Restate, in full and unchanged, the entries that follow, but not their pictures.
** Supplied material follows **
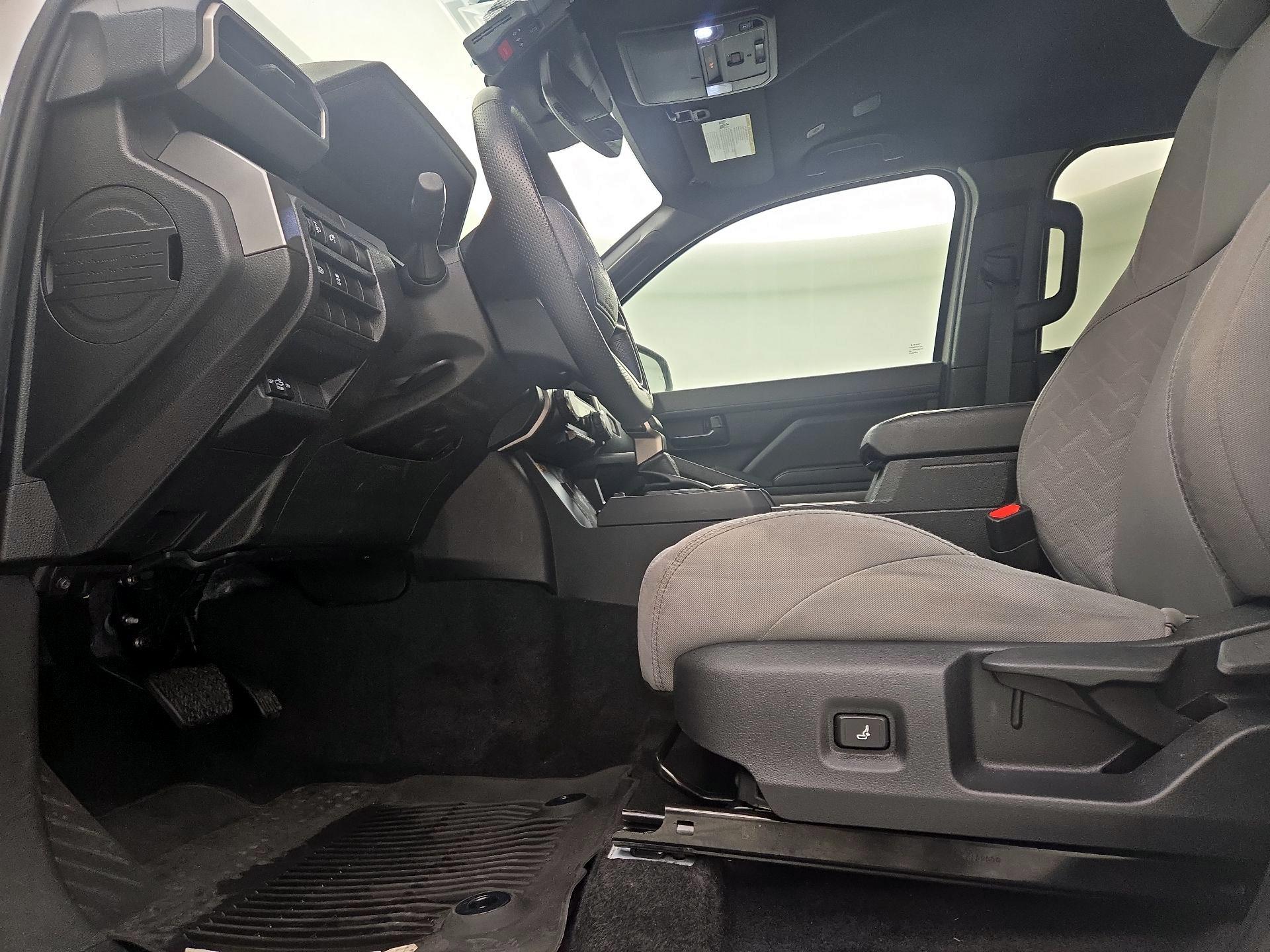 Thumbnail: 2024 Toyota Tacoma - 11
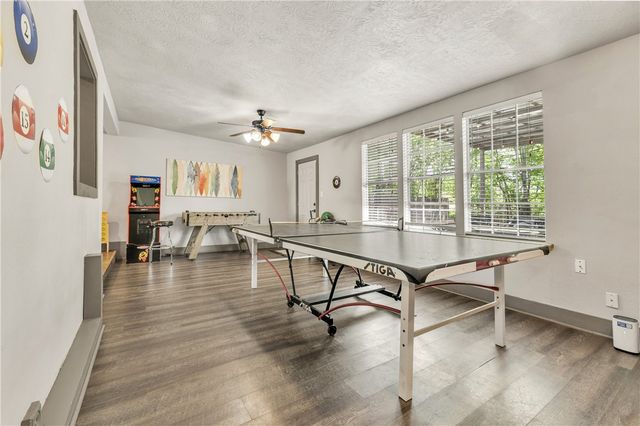 102 Moss Street, College Station, TX 77840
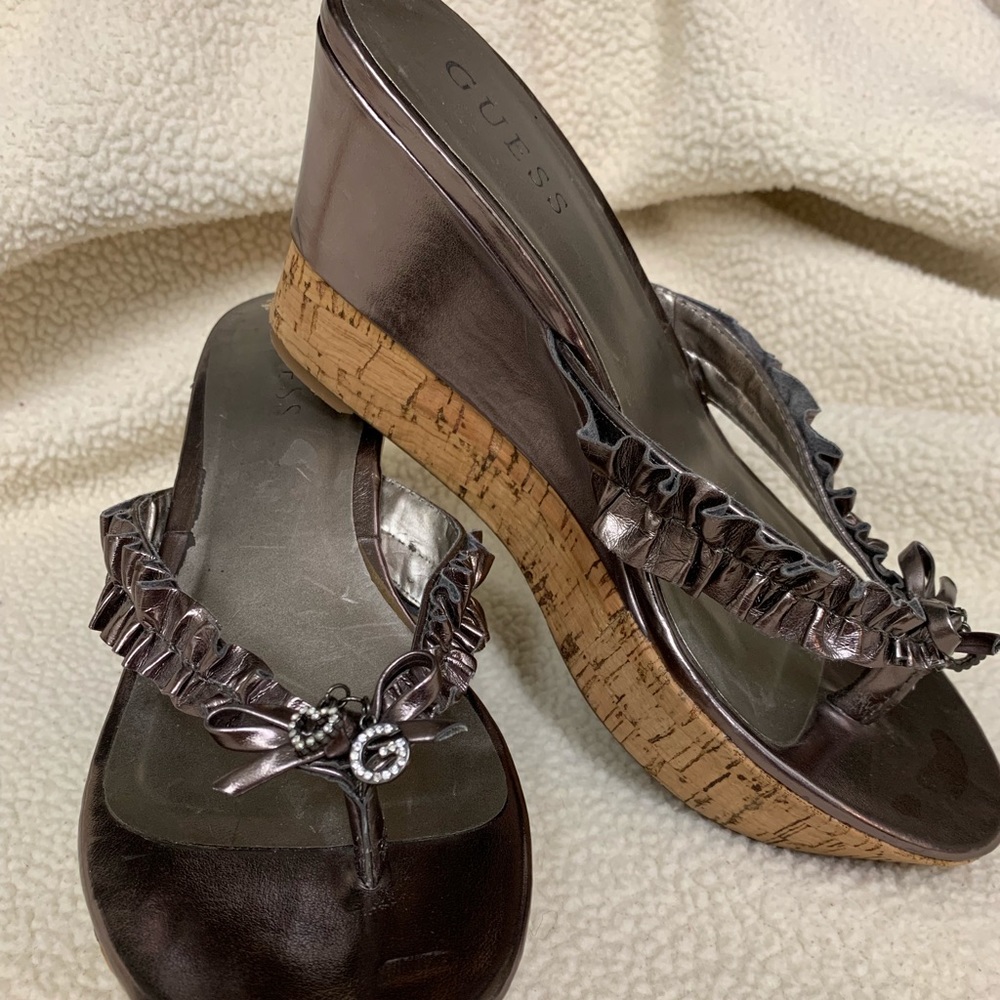 Guess metallic and cork wedge flip flop, Sz. 7.5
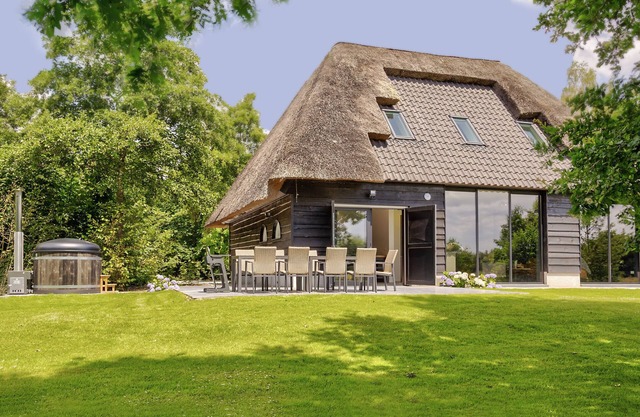 Jolie maison de vacances à Rijsbergen avec un jardin et un bain à remous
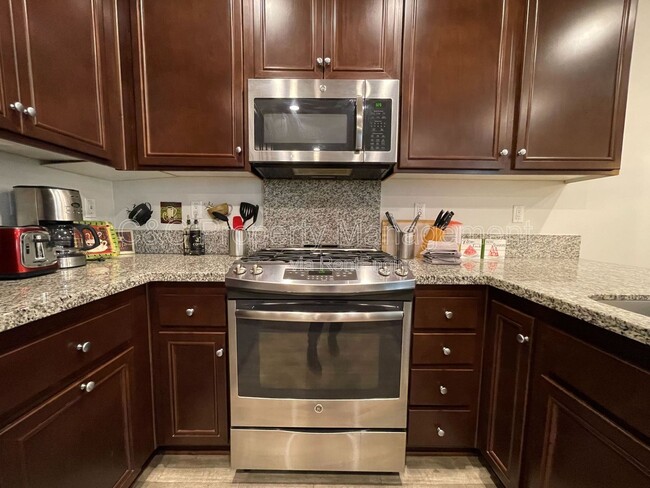 Building Photo - 40402 Calle Real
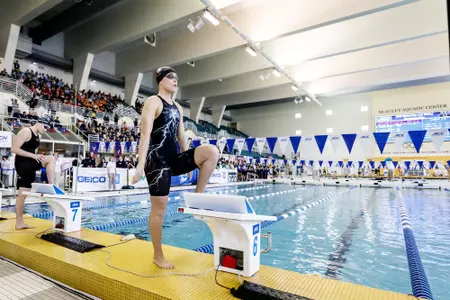 Morgan Friesen on the blocks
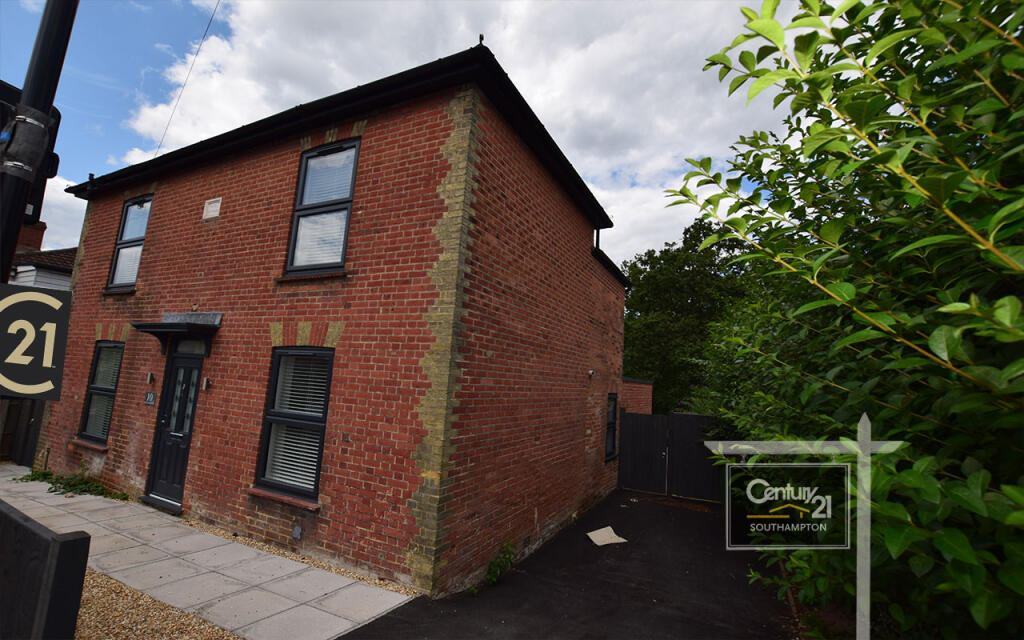 4 bed Detached for rent in Rownhams. From Century21 Southampton - Southampton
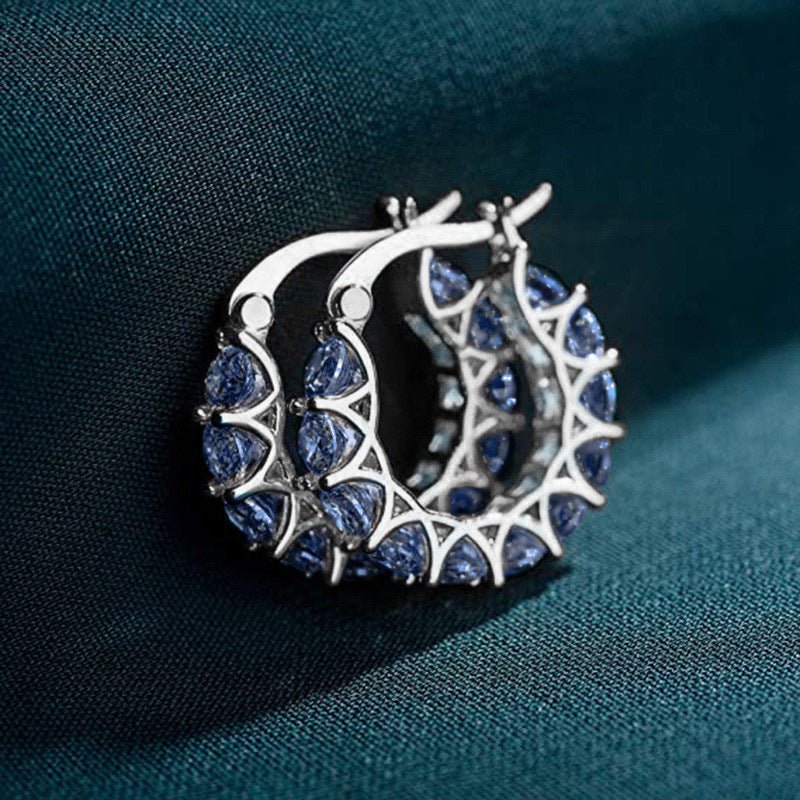 Boucles d'oreilles en U MAC163, entièrement ornées de fleurs en zircon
** End of Supplied material **
● **Response**
 Thumbnail: 2024 Toyota Tacoma - 11
 102 Moss Street, College Station, TX 77840
 Guess metallic and cork wedge flip flop, Sz. 7.5
 Jolie maison de vacances à Rijsbergen avec un jardin et un bain à remous
 Building Photo - 40402 Calle Real
 Morgan Friesen on the blocks
 4 bed Detached for rent in Rownhams. From Century21 Southampton - Southampton
 Boucles d'oreilles en U MAC163, entièrement ornées de fleurs en zircon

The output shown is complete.